Segundo noticia o Público, o Sr. Marinho e Pinto, bastonário da Ordem dos Advogados, recomenda a todos os portugueses como forma de retribuição terrena para com a mediocridade, o oportunismo e incompetência dos políticos portugueses, que os cidadãos, nas eleições legislativas a realizar no dia 5 de Junho, façam uma espécie de «greve à democracia», ao não votar.
Estranho não deixa de ser a finalidade desta greve. Segundo o Sr. Marinho e Pinto, ela destinar-se-ia a uma «refundação da República, sem velhos recursos a estereótipos revolucionários». Vejamos se compreendemos bem: V. Ex.ª pretende pegar naquele que é o estandarte da democracia – o voto, decretar-lhe greve e ao mesmo tempo refundar a República? Compreenderemos bem? V. Ex.ª pretende refundar a República e a Democracia, abolindo aquilo que a distingue dos regimes tiranos e autoritários? Ou melhor: V. Ex.ª, recusando as revoluções sanguinárias, sugere aos portugueses que façam greve ao meio pelo qual se estabelecem as mudanças em democracia, a forma pela qual o povo expressa de forma soberana a sua vontade, mas tudo isso como forma de refundar a República. Ora, se V. Ex.ª decreta a greve ao voto, o instrumento pelo qual se efectuam e concretizam as mudanças em democracia como quer V. Ex.ª que se faça a refundação? V. Ex.ª exclui a via democrática e ao mesmo tempo exclui a via revolucionária. Assim sendo, como se operará o processo que V. Ex.ª deseja? Compreendemos o seu silêncio, Sr. Dr. De maneira nenhuma, não é verdade? V. Ex.ª limitou-se a produzir uma declaraçãozinha oca e sem sentido, não é verdade?

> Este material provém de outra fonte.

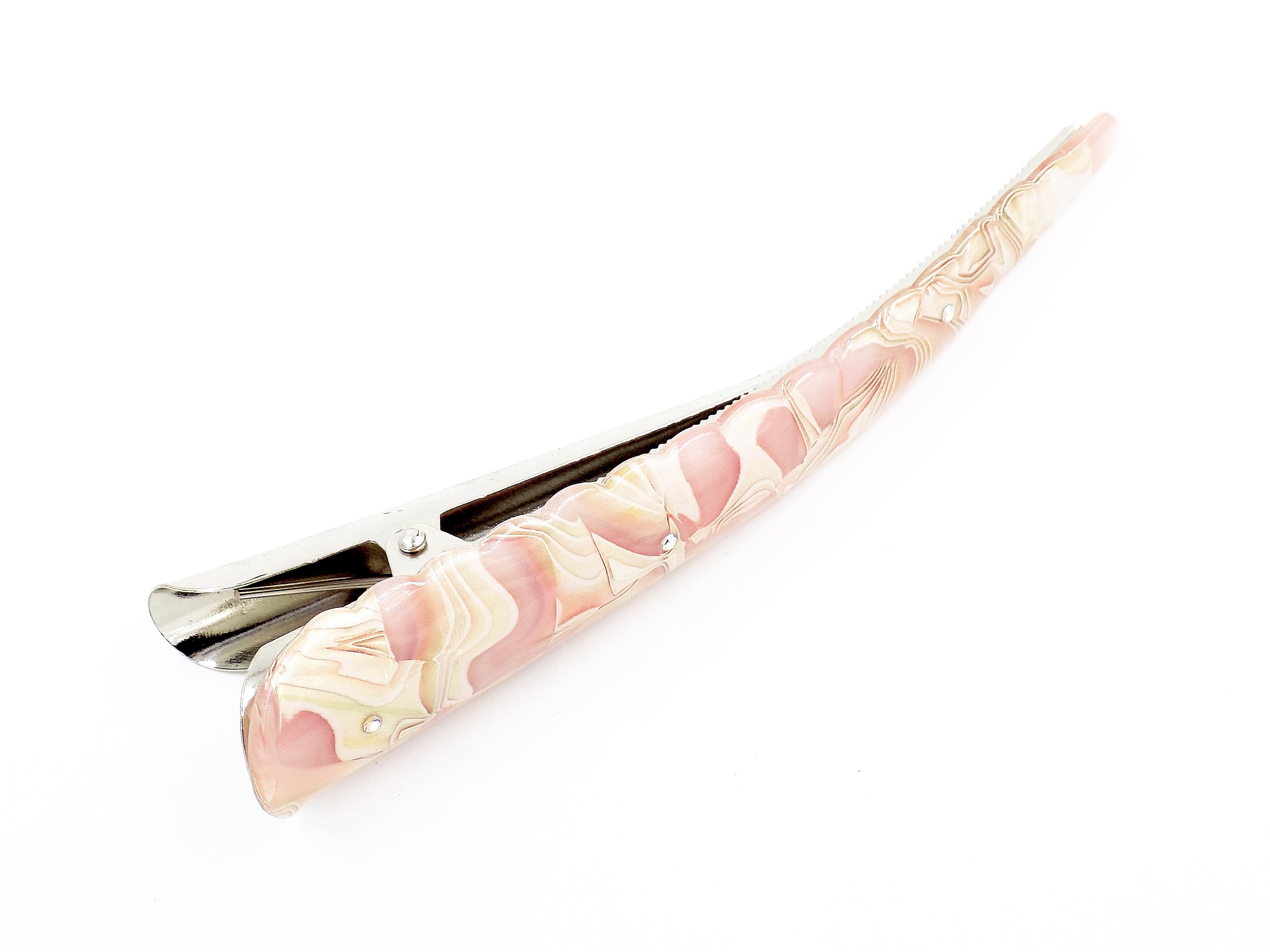 1 Piece Large metal crow teeth design hair claw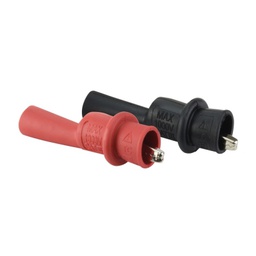 [14TERMIN078CH] PINZA TERMINAL PARA MULTIMETRO AISLADA 8203 (PAR)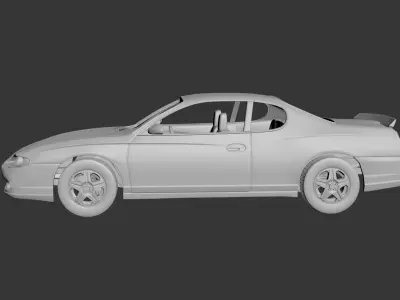 Chevrolet Monte Carlo 2005 3D print model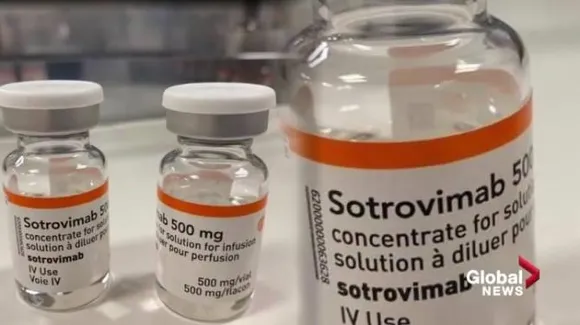 SOFTROVIMAB  COVID19  DRUG  : A LOOK AT HOW IT'S BEING USED TO COMBAT OMICRON IN CANADA.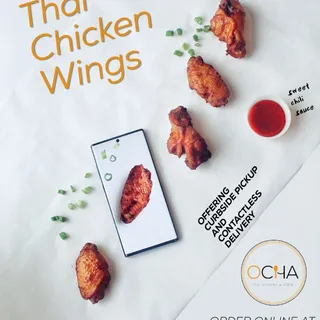 Thai Chicken Wings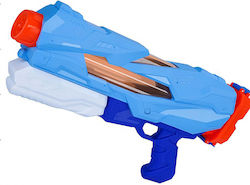Pistol cu apă pentru copii, rezervor, pentru piscină sau plajă, Flippy, 6 ani+, 5 duze, umplere rapidă, albastru, 800ml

De facto, com maior insistência vimos aflorando à costa portuguesa meia dúzia de tribunos popularuchos e demagogos que não são apenas exclusivos à restante Europa. Vimos a Sra. Le Pen na França ou o Sr. Wilders na Holanda, por exemplo. Em Portugal, não sendo um representante da extrema-direita, temos, no entanto, igualmente, um fala-barato na figura do Sr. Marinho e Pinto. Estas figuras, pelo lugar de destaque que ocupam na sociedade portuguesa, regularmente são forçadas a emitir opiniões sobre o Estado actual da sociedade portuguesa. O problema destas figuras é que têm, de facto, bastantes opiniões; ideias, no entanto, têm poucas. E é assim que aparecem produzindo estas declarações que são tristemente reproduzidas com destaque pela nossa imprensa na ânsia do rumor.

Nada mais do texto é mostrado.